I was really keen to meet other people in person who are going through this. I have found a bereavement group not too far away, that meet once a month. It’s a start I suppose.
@Woo4, I hope you and the others here are keeping your heads above water. I thought about counselling (can get this through work) but I too really feel like I need a two way conversation but with people who really know what this is like. X
Glad you’re getting help Rachel .
I’m in a dark place. Thinking of sucide. I miss my mum so much. No one knows how I am feeling. I hate feeling like this but it’s all I think about most days
@Michael73 - I am just so sorry that you are being affected in this way.
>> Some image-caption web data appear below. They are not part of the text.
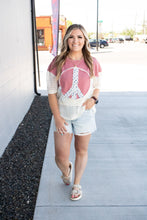 Load image into Gallery viewer, Peace &amp; Patchwork Knit Top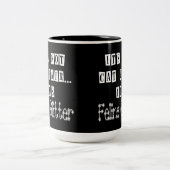 Cat Glitter Humor Two-Tone Koffee Mok (Center)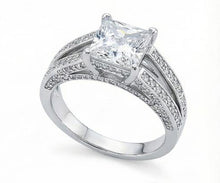 Afbeelding in Gallery-weergave laden, Echte Natuurlijke uit de aarde gewonnen Diamanten Jubileum Fantasie Ring 3.51 Karaat Princess Goud Wit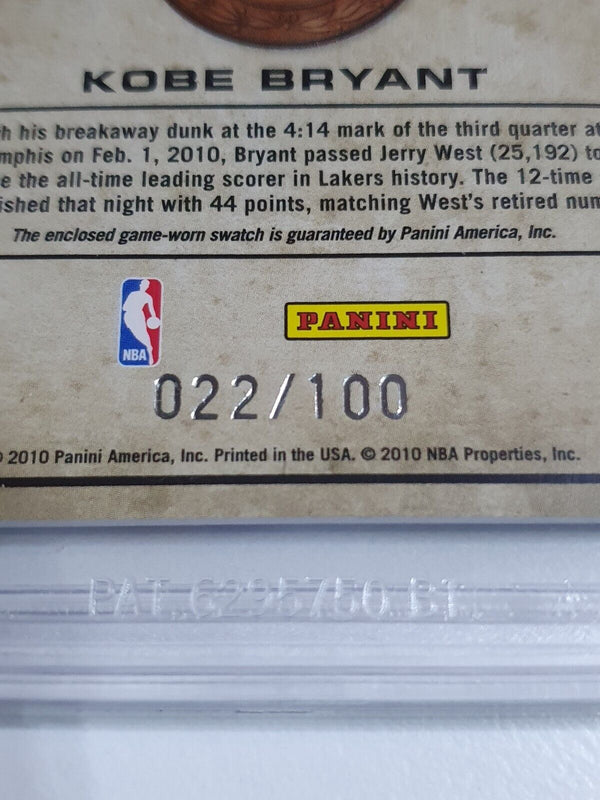 2009 Absolute Kobe Bryant #PATCH /100 Game Worn Jersey - BGS 9 (POP 1)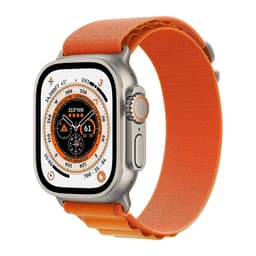 Refurbished Apple Watch Ultra - 49mm Natural Titanium Case with Orange Alpine Loop Band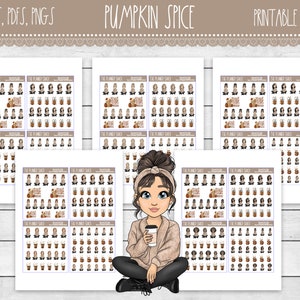 May include: A set of printable planner stickers featuring a cartoon woman with brown hair and a beige sweater holding a cup of coffee. The stickers feature fall-themed designs, including pumpkins, leaves, and coffee cups. The text "Pumpkin Spice" is visible at the top of the image.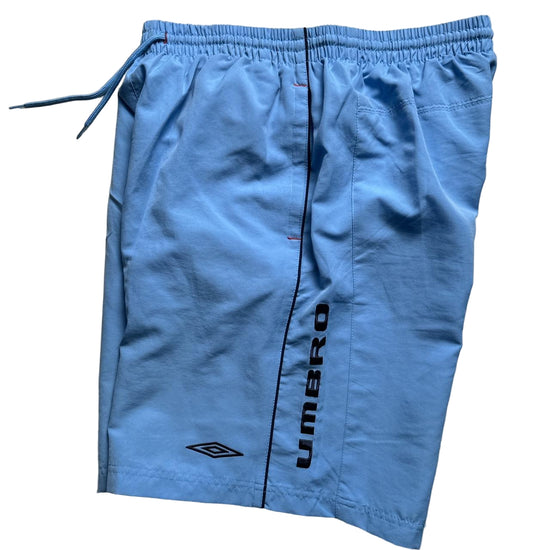 Umbro Vintage Light Blue and Navy Shell Trackpant Shorts (XL)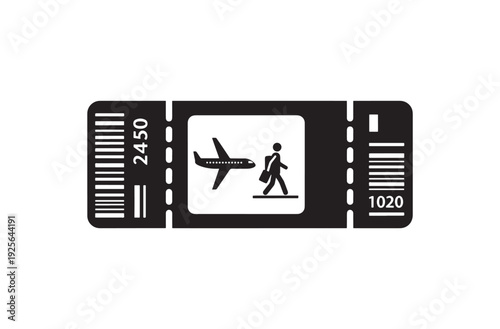  Black silhouette of airplane ticket with boarding pass details, including flight icon, passenger, and ticket numbers, on transparent background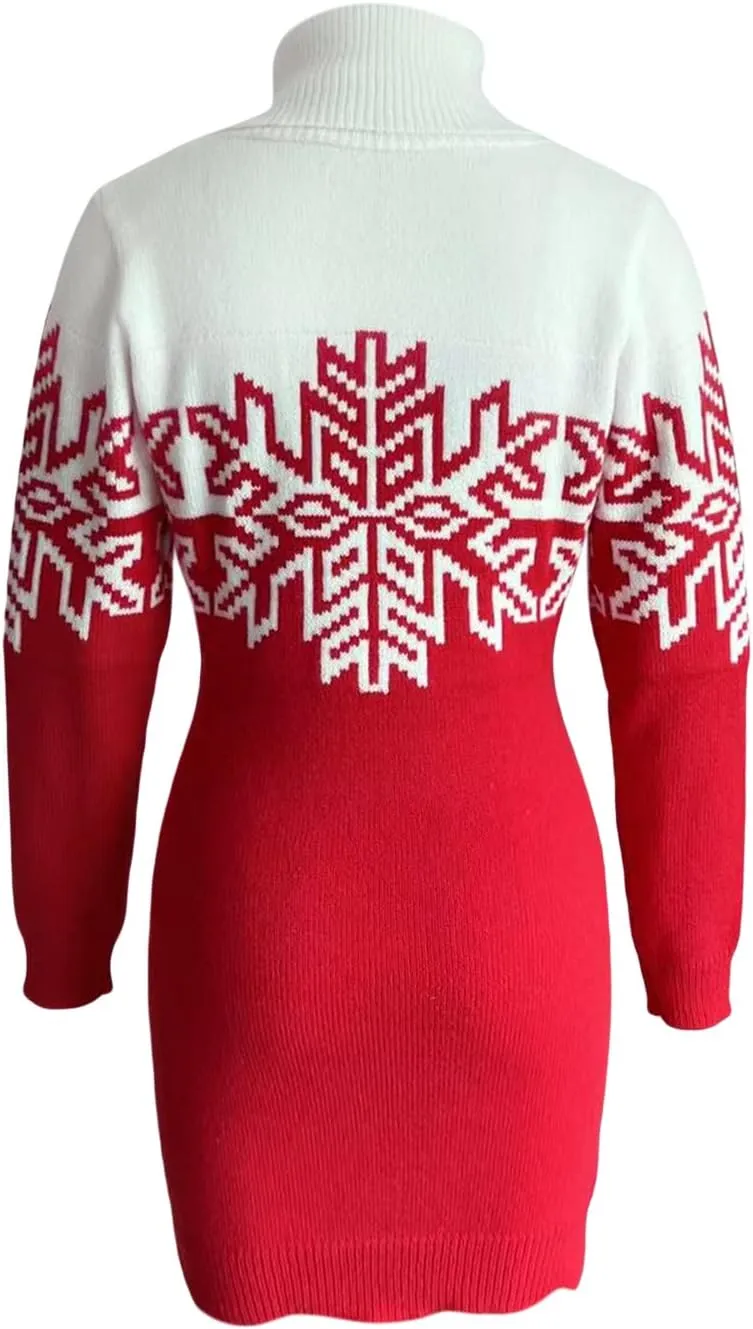 Matching Family Christmas Sweaters Turtleneck Reindeer Snowflakes Ugly Knit Sweater Pullovers for Holiday Party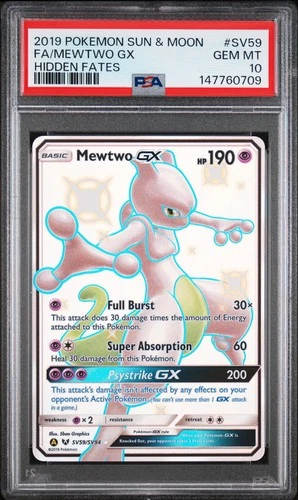 2019 POKEMON SUN & MOON HIDDEN FATES #SV59 FULL ART/MEWTWO GX PSA 10
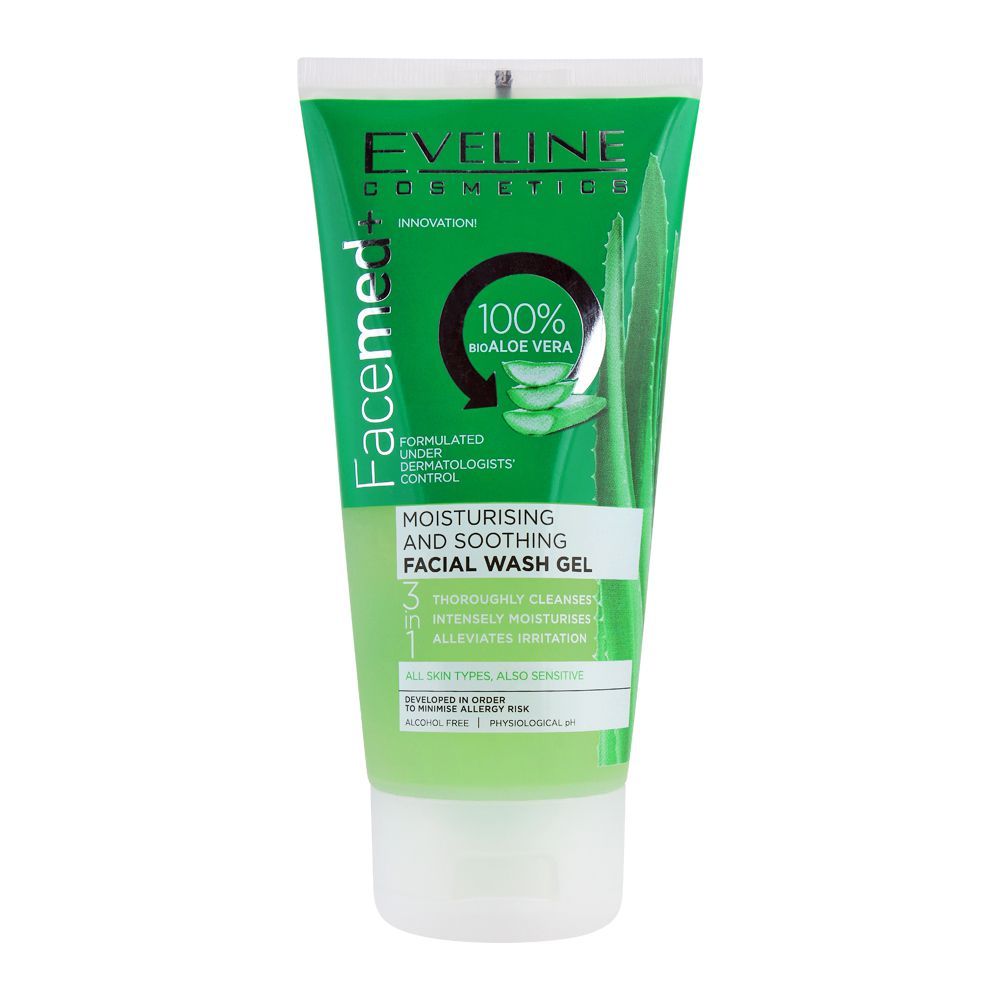 Eveline 3-In-1 Facemed 100% Bio Aloe Vera Moisturising And Soothing Facial Wash Gel 150ml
I hope you were able to share your thoughts with your mental health nurse (I think you’d said?).
I am not a professional, so have no real advice. I do know how gut wrenching this sadness is though.
I am just helping to word my mums headstone at the moment.
I am choosing to not go with past tenses or reference to loss. I will be visiting regularly and want to find comfort there and to sit and talk. I am choosing my wording carefully, so that it does not trigger more sadness than necessary.
I am finding that it helps me when I’m really sad, to talk to my favourite (and last) photo of my mum. She is looking right at me in this photo. I find some comfort from that and I ask her to be with me and to help me.
I try to think that our parents have been through grief in their lives (all different of course) and survived it. I want to be able to do this just as my mum did. Thinking of us all x
Yes I did mention it to her. I did not go to my funeral as my anxiety and depression are not good . I do not like being near anyone. So most days I stay at home. Sleep during the day awake mist if the night. Me and my sis have had visits from our mum . That has freaked me out.
@Michael73, we are all suffering in our own individual ways but you are not alone. I have found that we never have to be alone with this supportive forum.
I would love a visit from my mum.
This level of believing and wanting to believe is quite new to me.
My dad went back home for a few days this week (he’s been staying with us) he was cutting the very damp grass and a Robin flitted between the path next to him and a little bush the whole time. I had put a Robin in with my mum, perched on her shoulder.
I yearn for a sign myself.
Finding a way to live with this is going to take a lot out of me (all of us I’m sure) but my mum gave me life and I owe it to her to live that life. X
It’s difficult isn’t it. I know Cruse is specifically for bereavement so they have lots of experience. I can’t rate them highly enough, they helped me so much. Maybe it’s worth exploring a different counsellor if you dont feel the one you have is helping you.